At the recent Ink+Beyond 2011 conference , the Canadian Newspaper Association’s annual convention in Vancouver, Geoff Tan, SVP of Business Development at Singapore Press Holdings (SPH), delivered a presentation that surprised the crowd of 200 media execs, based on what he and his team have been able to accomplish.
SPH has 17 publications , both print and online, a market of about five million people. Although a small country, Singapore has some of the highest smartphone and Internet connectivity rates in the world. How then can it be that more than half of all the online advertising dollars in Singapore go to SPH?
Geoff and his team at SPH think outside the box to drive their media sales. They have supplemented their print publications with Web content, online TV and mobile. This cross-platform approach allows them to keep their readers engaged and entertained, where other traditional media outlets have struggled to do so. They have created ad formats in all kinds of shapes (zig-zag or across a page  of editorial content, see image above) and developed different ways to use real estate (spread out among the four corners of the same page). While these methods are used in larger countries’ major markets, they are completely new to the Singapore market and have been well received because of the added value they offer.
The media landscape is evolving at break-neck speed, and it’s no longer just North America and Europe leading the way. In Asia, North Africa, the Middle East  and elsewhere, events that would have been impossible to document just 10 years ago can now be captured, thanks to technology. And, to further the process, that content can be delivered anywhere in the world or posted online at any time, with the touch of a button. The print and media revolution is not just digital, it’s about activating people’s senses.
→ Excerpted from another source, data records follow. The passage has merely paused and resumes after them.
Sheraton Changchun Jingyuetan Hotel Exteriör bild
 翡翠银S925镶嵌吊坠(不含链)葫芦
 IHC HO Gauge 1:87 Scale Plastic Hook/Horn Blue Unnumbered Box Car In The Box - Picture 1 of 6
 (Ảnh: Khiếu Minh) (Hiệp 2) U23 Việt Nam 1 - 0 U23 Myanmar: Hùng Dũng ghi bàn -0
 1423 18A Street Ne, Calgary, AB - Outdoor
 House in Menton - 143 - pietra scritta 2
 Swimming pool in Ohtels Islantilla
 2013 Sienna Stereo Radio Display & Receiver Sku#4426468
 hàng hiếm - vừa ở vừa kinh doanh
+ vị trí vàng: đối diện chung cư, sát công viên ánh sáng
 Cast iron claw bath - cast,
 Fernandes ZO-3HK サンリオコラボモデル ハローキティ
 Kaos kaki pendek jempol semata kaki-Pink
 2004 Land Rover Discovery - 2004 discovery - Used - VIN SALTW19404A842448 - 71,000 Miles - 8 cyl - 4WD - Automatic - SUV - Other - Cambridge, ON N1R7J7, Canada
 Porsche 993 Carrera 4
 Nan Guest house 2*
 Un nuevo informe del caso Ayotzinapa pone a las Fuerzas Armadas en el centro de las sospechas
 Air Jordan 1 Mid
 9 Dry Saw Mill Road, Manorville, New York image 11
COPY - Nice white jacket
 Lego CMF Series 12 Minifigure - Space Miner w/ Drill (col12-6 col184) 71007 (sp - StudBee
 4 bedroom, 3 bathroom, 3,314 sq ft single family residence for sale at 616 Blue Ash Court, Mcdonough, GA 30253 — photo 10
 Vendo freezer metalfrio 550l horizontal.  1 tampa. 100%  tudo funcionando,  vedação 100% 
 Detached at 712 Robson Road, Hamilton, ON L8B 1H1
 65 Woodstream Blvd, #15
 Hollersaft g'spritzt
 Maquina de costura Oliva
And we are reaching a point where this goes beyond sights and sounds.
Recently, US Ink , an ink supplier for traditional newspapers, released a flavored insert for print ads . The sealed insert includes an edible film resembling breath-freshening strips that can be made to match just about any flavor. Hypothetically speaking, if KFC inserts a flavored ad in the paper for a new chicken sandwich, you might get a sense of what it actually tastes like. It’s another way to appeal to the senses that digital media can’t match (for now).
Scent-based print ads have been around for a while, particularly to promote perfumes and colognes. (Open the flap to get a whiff.) SPH is looking into something new. Geoff says SPH will be experimenting with ingredients in their ink that will allow their readers to scratch and sniff advertisements in their publications. You can’t get that on HBO!
For media companies, it’s increasingly difficult to maintain a level of profitablility while operating within only one medium. The successful players will be the ones who manage to enhance user experience and make it enjoyable for people to consume their content. Print, broadcast, Web and mobile are quickly converging as technology permits, and we have only scratched the surface.
The next step in this equation is for journalists to follow suit. Reporters Without Borders  created a way to merge print and mobile in a relatively seamless yet highly unique fashion. As more and more media companies require their editorial staff to provide content across multiple platforms, both journalists and media execs would be well served to engage the builders of these technologies to help shape the media landscape of the future — where the senses are engaged like never before — or risk being left behind.
What other innovative ways can journalists employ to appeal to their readers’ senses? Beyond websites, feeds and apps, how are print publications incorporating online and mobile?